—Bloxham —respondió él.
—Debería ser ginecólogo —comentó ella con tono admirativo—. Tiene unas manos preciosas, muy cálidas. —Y con eso lo dejó con sus sonrojos.
Había un mensaje de Chester Klein en el contestador cuando volvió, la invitaba a un cóctel en su casa aquella noche para celebrar lo que él llamaba el regreso del Espurio a la tierra de los vivos. Al principio la sorprendió que Cortés hubiera decidido ponerse en contacto con sus amigos después de tanta charla sobre la invisibilidad, luego se enorgulleció de que hubiera escuchado su consejo. Quizá se había precipitado demasiado al rechazarlo. Había pasado muy poco tiempo que había pasado pero la ciudad la había hecho pensar y comportarse de modos que jamás habría consentido en el Quinto. Cuánto más a Cortés, cuyo catálogo de aventuras en los Dominios habría llenado una docena de diarios. Ahora que había vuelto al Quinto, quizá empezaba a enfrentarse a algunas de las influencias más extrañas, a lavarse la pintura de guerra y a aprender a usar zapatos otra vez. Devolvió la llamada a Klein y aceptó la invitación.
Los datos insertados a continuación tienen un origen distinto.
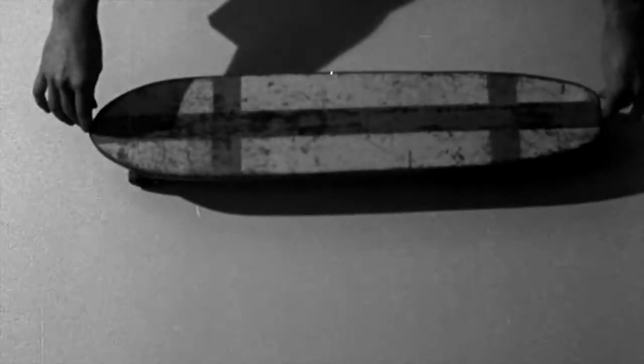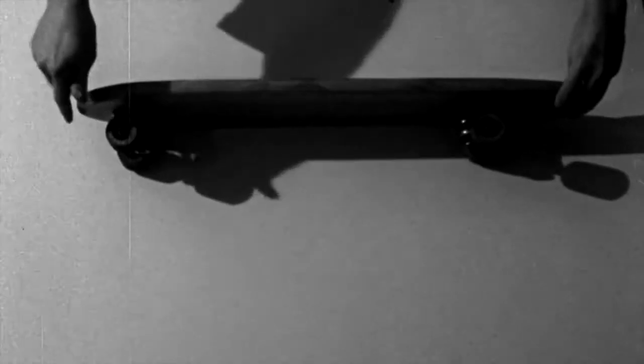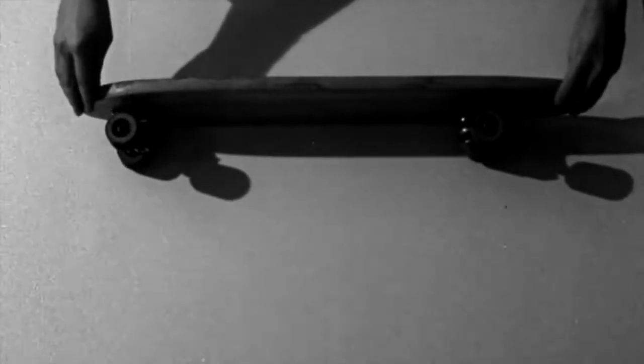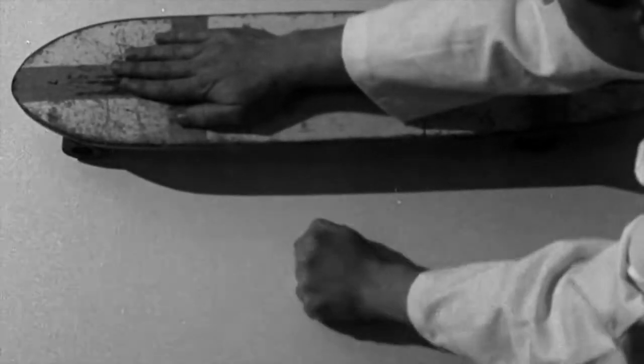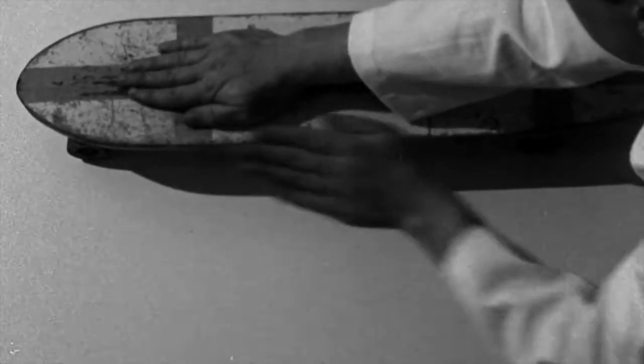The skateboard consists of a plank whose length is two feet — this is critical. It is furnished with wheels of circular design which are intended to revolve — also critical. It is intended for use on inclined surfaces. Attacks can be launched on level ground, however, by pushing the apparatus with the foot. Since the ground tends to remain stationary, this results in a forward displacement of the vehicle.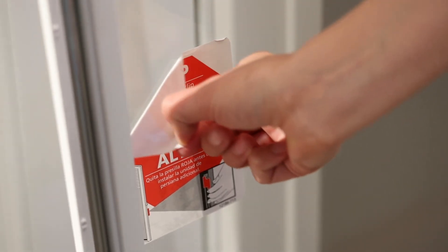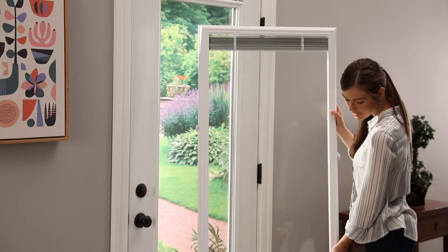Remember to remove the labels on the glass. Leave the blinds in the up position until the add-on blinds unit is on your door.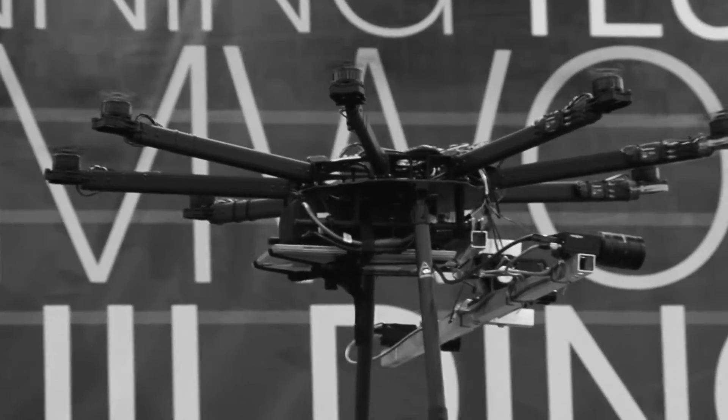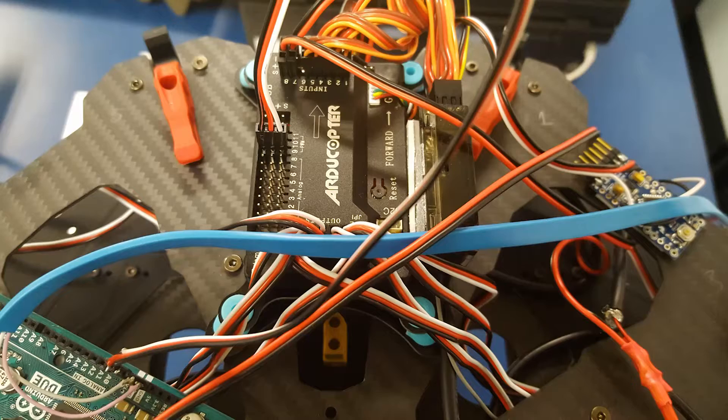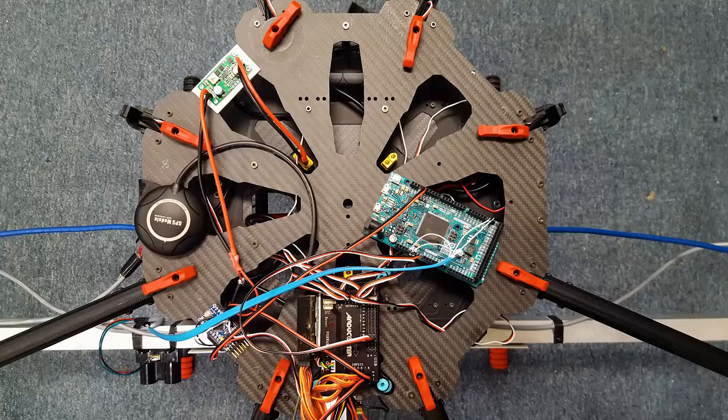This is a drone that we created for our Mech 514 class — our experimental mechanics capstone course. The purpose of the project was to create a mobile platform for digital image correlation cameras, and we felt that the best way to go about that was to build a drone, seeing that you can control it from the ground.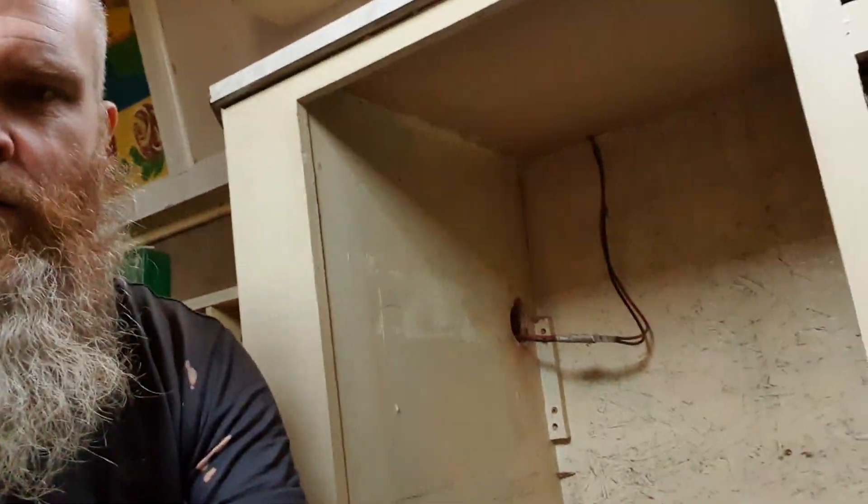Hey everyone, welcome back to the vlog. As you can see, I'm sitting on the floor of the galley of my new narrowboat, right next to the spot where I'm about to install my fridge. My fridge is a Russell Hobbs 240-volt fridge.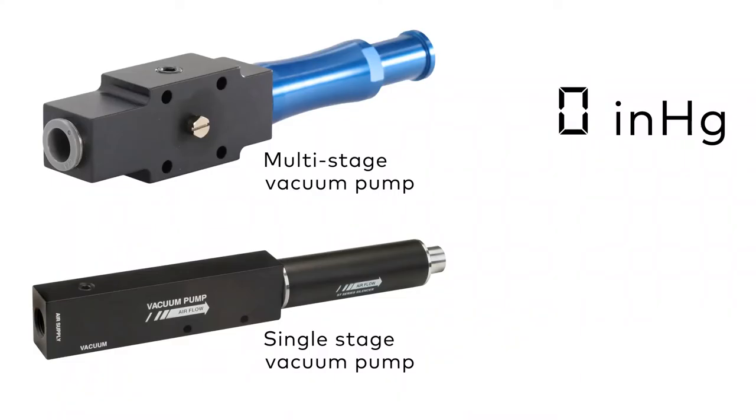Multi-stage vacuum pumps offer high flow rates with lower air consumption, which is ideal in applications where speed is critical. When a multi-stage vacuum pump is operated at zero inches of mercury, the flow rate is much faster than a single-stage pump.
—Mi querida niña, eres toda una visión para ojos tan doloridos como los míos — dijo cuando Jude apareció en su puerta aquella tarde—. ¡Tan elegantemente desnutrida! Depauperación
à la mode.
La perfección.
Hacía mucho tiempo que no le veía pero no recordaba que fuera jamás tan obsequioso en sus halagos. La besó en las dos mejillas y la guió por la casa hasta llegar al jardín trasero. Aún quedaba algo de calor en el descenso del sol y los otros invitados (a dos de los cuales conocía, otros dos eran extraños para ella) tomaban cócteles en el césped. Aunque pequeño y rodeado por un muro alto, el jardín tenía una exuberancia casi tropical. Como era inevitable, dada la naturaleza de Klein, estaba casi dedicado por completo a especies en flor; no se aceptaba ningún arbusto o planta que no floreciera con inmoderado abandono. La presentó a los invitados uno por uno, comenzando por Vanessa, cuyo rostro (aunque muy cambiado desde la última vez que se habían visto) era uno de los dos que ella conocía. Había ganado mucho peso y se había puesto aún más maquillaje, como si quisiera cubrir un exceso con otro. Sus ojos, vio Jude cuando la saludó, eran los de una mujer que contenía las ganas de gritar sólo por una cuestión de decoro.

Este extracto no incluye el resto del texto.